Although camping at national parks in Canada remain off limits until June 21, the chance to enjoy some camping this summer should still be a possibility as provincial campgrounds begin to reopen.
Here's the current status of campgrounds in province across Canada and how camping will be different this summer.
Many of New Brunswick's provincial campgrounds have reopened as part of the orange phase of the province's economic recovery plan, and several others will open later in the month or in June.
The parks have reopened with limited services, no events, and no programming or coordinated activities. Trails, beaches and public washrooms will be open however. The campgrounds are also currently only accessible to New Brunswick residents.
Campers have to adhere to New Brunswick's COVID-19 guidelines, which currently permit gatherings within a two-household bubble and limited to 10 individuals.
Manitoba started allowing staggered campground bookings on May 4. Park facilities are open and the province isn’t currently limiting the number of campsites that can be booked at any given time.
Campsites are restricted to no more than 10 people however, and park staff will be monitoring public areas like beaches and recreation areas to make sure visitors are following the rules.

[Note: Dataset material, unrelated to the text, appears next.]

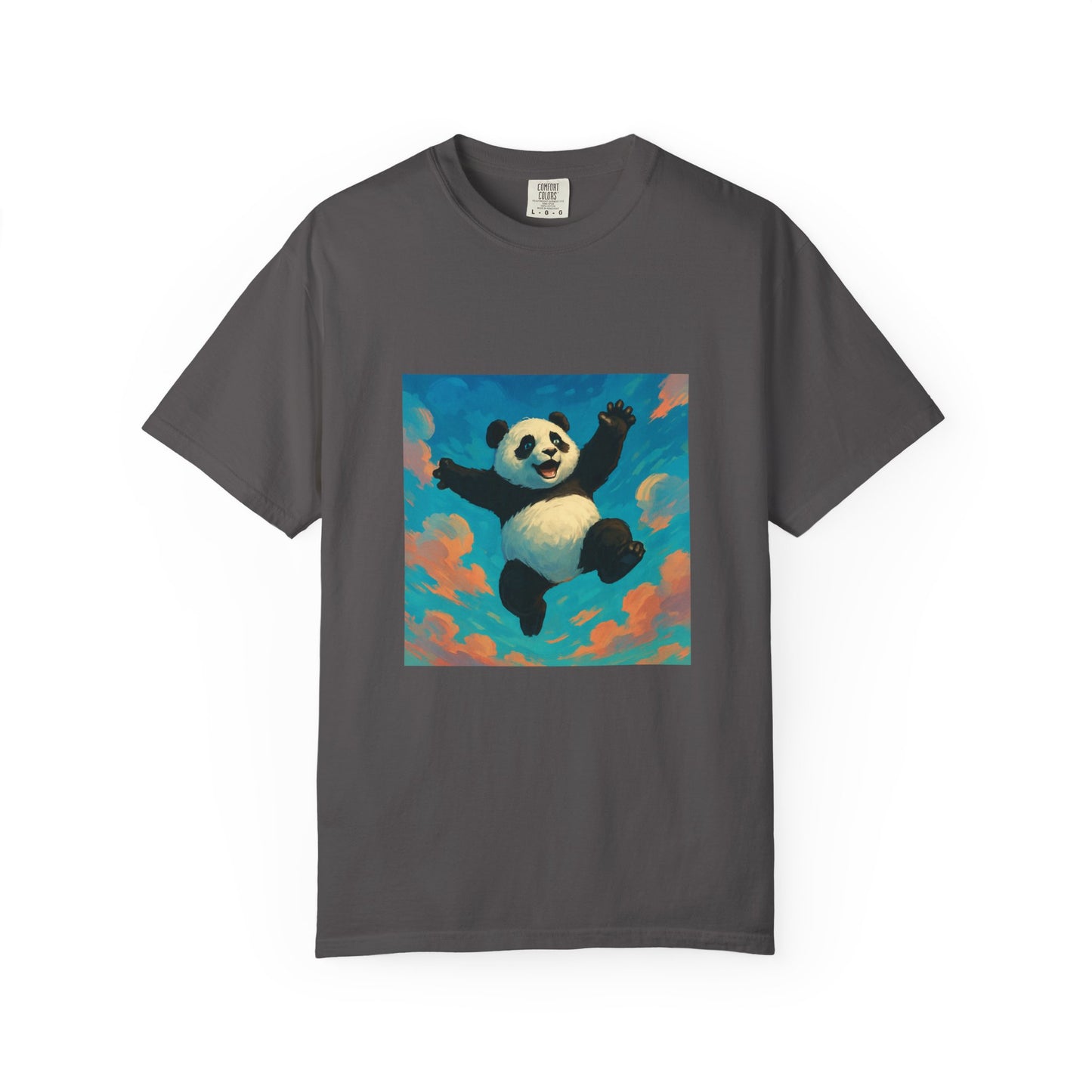 Playful Panda T-Shirt, Casual Tee, Animal Lover Gift, Unique Graphic Shirt, Fun Everyday Wear, Perfect for Kids and Adults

Getting together with neighbouring campsites for bonfires will also not be permitted.
The province also advises visitors to bring their own toilet paper, soap and hand sanitizer.
Campsites in Alberta and Saskatchewan will reopen on June 1 with online campground bookings already available for both provinces.
Both Alberta and Saskatchewan are currently booking campgrounds at 50 per cent capacity, meaning only every other campsite will be available to reserve.
Reservations are available to residents of the provinces only, with no more than six individuals allowed per site in Alberta and no more than 10 in Saskatchewan.
Expect temporary restrictions to shower and laundry facilities, as well as closures of recreational facilities such as swimming pools, beach access, picnic areas and playgrounds.
Camping in B.C. will also be permitted starting June 1. Online bookings for most of the province's campgrounds, with the exception of backcountry cabins and grounds with shared cooking facilities, will be available May 25. Some of the high use parks may also remain closed for the rest of the season.
The maximum group size for single sites will continue to be up to four adults and a maximum of eight people (including children under 16), says B.C. Parks spokesperson Jeremy Uppenborn.
Double sites (sites with a shared driveway, that are located close together) will now also only permit a maximum of one group.
B.C. Parks encourages those who wish to visit from out-of-province to visit another year. Open facilities will vary from park to park, so be sure to check the details of the park you'll be visiting beforehand.
For the time being, provincial parks in both Ontario and Nova Scotia, are only allowing overnight access to trailers and recreational vehicles whose owners have a full season contract and park staff to begin preparations for the summer seasons.
Campgrounds are being prepared for reopening but there's no firm date yet.
For other provinces including Quebec, Newfoundland and PEI, the possibility of reopening campgrounds is still weeks away.
Neither Quebec or Newfoundland have announced a date yet for campground reopenings. While the province of PEI plans to reopen on June 26, but only for islanders who booked their seasonal campsite before the end of March.